I get it: a lot of everyday things are comparable to icebergs because they look simple at first but have a “deeper” aspect as well. I’ve heard this model applied to intercultural communication, critical thinking, success, and behavior. Yes. These things are all things that have more things going on “below the surface.”

Reportedly, Ernest Hemingway coined the term “iceberg theory” for his minimalistic writing style.  In his novels, he does not delve into his characters’ motivations and aspirations but reveals them through actions and dialog.  The Garden Of Eden tells the story of a couple who are outwardly very much in love, but have deep dissatisfaction in their lives and relationship.  Hemingway doesn’t tell the reader why this is, but writes so well the reader cannot help but pick up on the repetitive themes of discontentment through the chapters. 

1. Backstage

If you’ve ever been part of a performance on stage, you know that a lot goes on backstage so that what the audience sees can look effortless and integrated. Trust me, behind the curtain there is a mad house. Props are missing. Mics are mislabeled. People who are supposed to be on stage like, five minutes ago are no where to be found, and someone else with a headset is about to lose it. If you’re trying to compare a situation that is covertly chaotic, try this analogy.

2. The duck

aid33789-728px-take-care-of-ducklings-step-11Like an iceberg, a duck floats in water. Unlike an iceberg, this is not the bulk of the duck’s body, so this analogy works for a hidden driving force. For example, an action is propelled by a motive.
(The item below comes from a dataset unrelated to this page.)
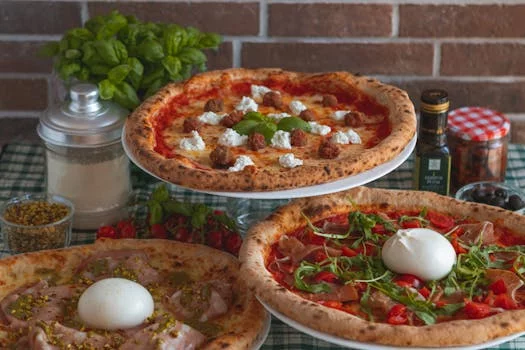 monday meatball special pizza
3. Magical tents from Harry Potter and the Goblet of Fire

Alternatively, Hermione’s magicked purse or Mary Poppin’s carpet bag. These magical items are larger on the inside, which is better to explain an internal situation such as emotional trauma sparking an outburst. What you can see is all that can be seen, but there is a cognitive, emotional, spiritual, or otherwise intangible process that is directly related.

 These are only a few ideas that came to me, and I’m sure you can find one more applicable to your situation than yet another looming iceberg.